INTRODUZIONE

Le imprese hanno un ciclo di vita che gli esperti aziendalisti amano suddividere in almeno quattro fasi:
Iniziale: lo start up è caratterizzato, nel maggior parte dei casi, da volumi di affari ridotti, bassa capacità di produrre profitti a causa dei costi di avvio della produzione e affermazione sul mercato;
Sviluppo: l’andamento degli affari e dei profitti cominciano progressivamente a migliorare, segnando trend positivi di crescita;

Maturità: l’impresa produce il volume di affari in grado di garantire buoni profitti;
Declino: l’impresa subisce un progressivo affievolimento della capacità di resistere alla concorrenza, il volume di affari regredisce e con esso i profitti fino a condurre l’impresa al termine del suo ciclo di vita.
Nel corso della sua vita ogni impresa può attraversare momenti di difficoltà economica e gestionale e, a seconda della gravita e complessità delle difficoltà, tale situazione potrà evolversi in quella particolare situazione chiamata “crisi”.

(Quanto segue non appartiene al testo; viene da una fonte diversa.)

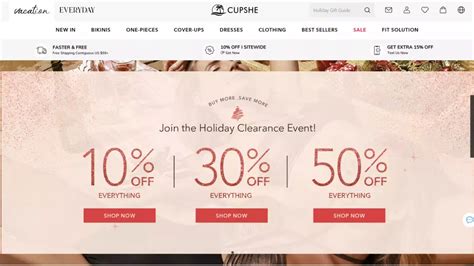 www.cupshe.com returns|cupshe returns australia.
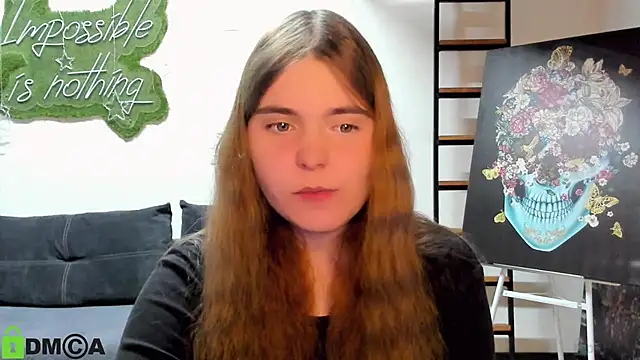 MiraaBloom online show from March 29, 1:44 pm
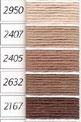 DMC Soft Cotton (89) 2950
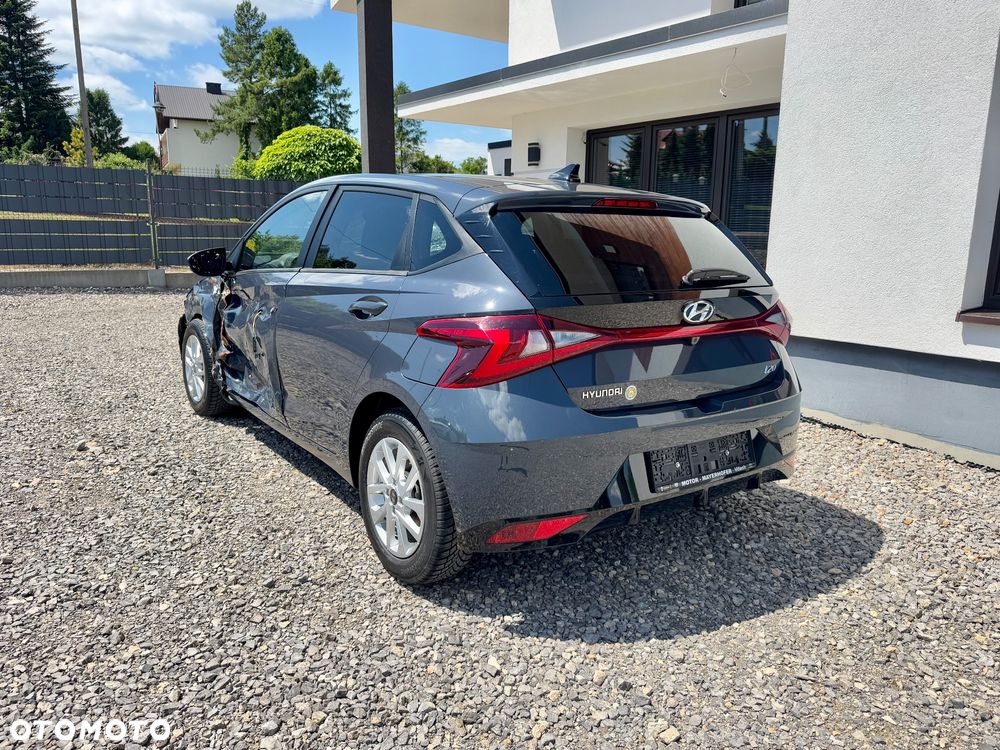 Hyundai i20 - 3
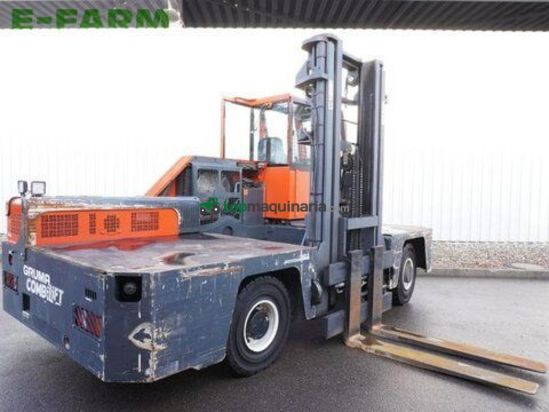 Elevadora - Combilift - c6000fsl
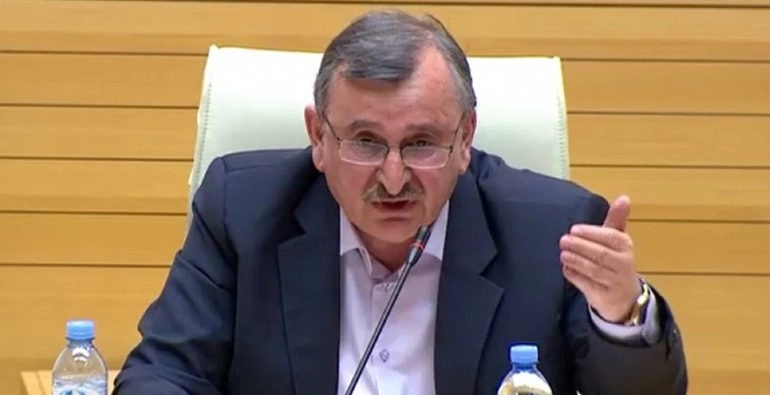 ვინც თავისუფალ მედიასთან არის დაკავშირებული, ხელისუფლების სამიზნეა  - რომან გოცირიძე 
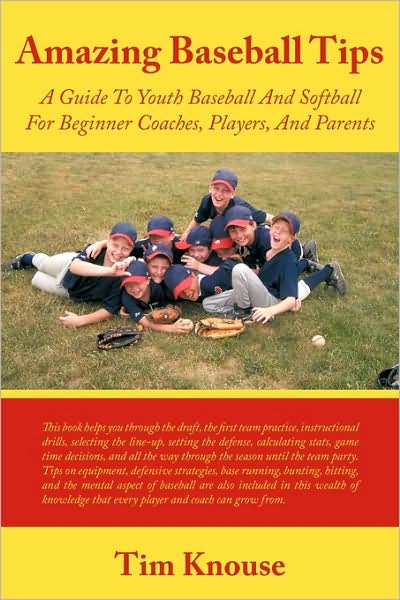 Amazing Baseball Tips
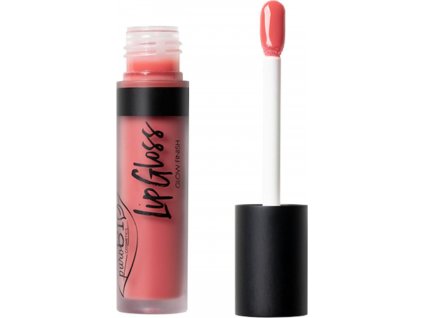 LipGloss Lesk na rty 04 pink grapefruit 4,8 ml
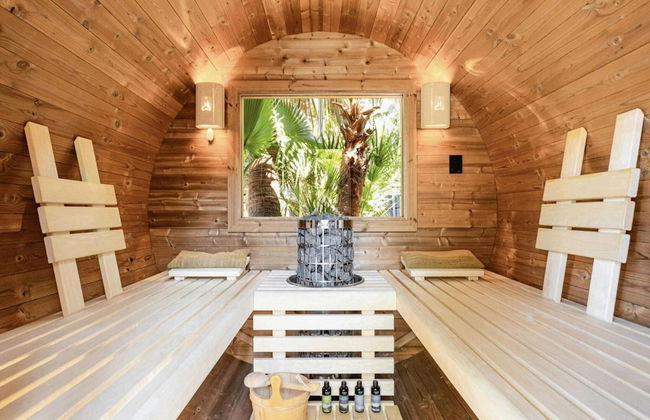 Holiday Home in Charming Decor - Foto 22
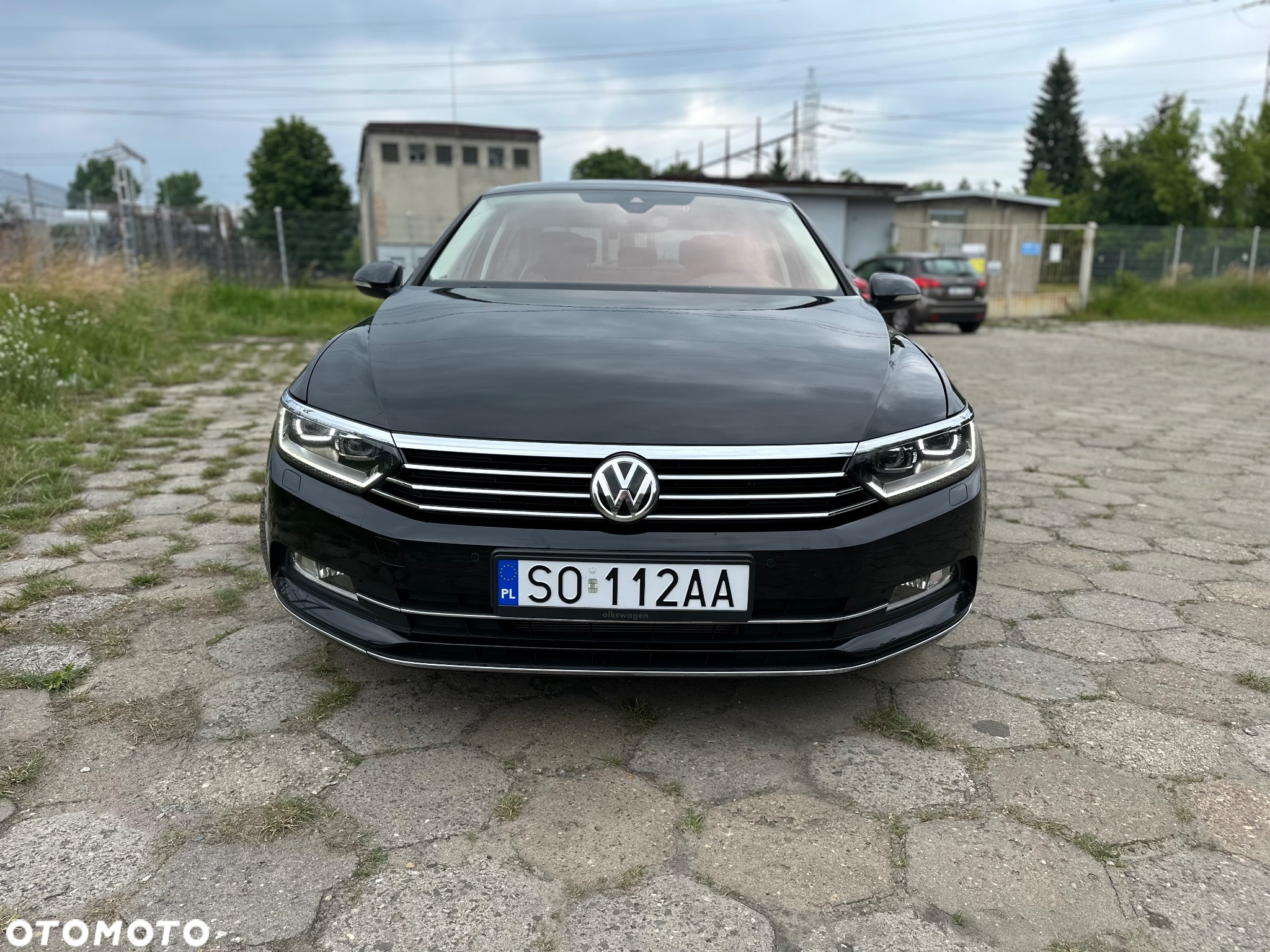 Volkswagen Passat 1.5 TSI EVO Business DSG - 3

I segnali di questa condizione si manifestano nell’incapacità di fare fronte con regolarità alle obbligazioni assunte attraverso i mezzi finanziari scaturenti dal ciclo produttivo imprenditoriale o dalla venuta meno fiducia da parte degli stakeholders. Sarà compito della “governance” aziendale valutare la gravità dello stato di “crisi” in maniera tale da approntare le necessarie cure ed assumere le indispensabili decisioni.
Dovranno essere messi in campo metodi di analisi e strumenti di valutazione della gravità della situazione al fine di assumere decisioni sul “cosa fare”.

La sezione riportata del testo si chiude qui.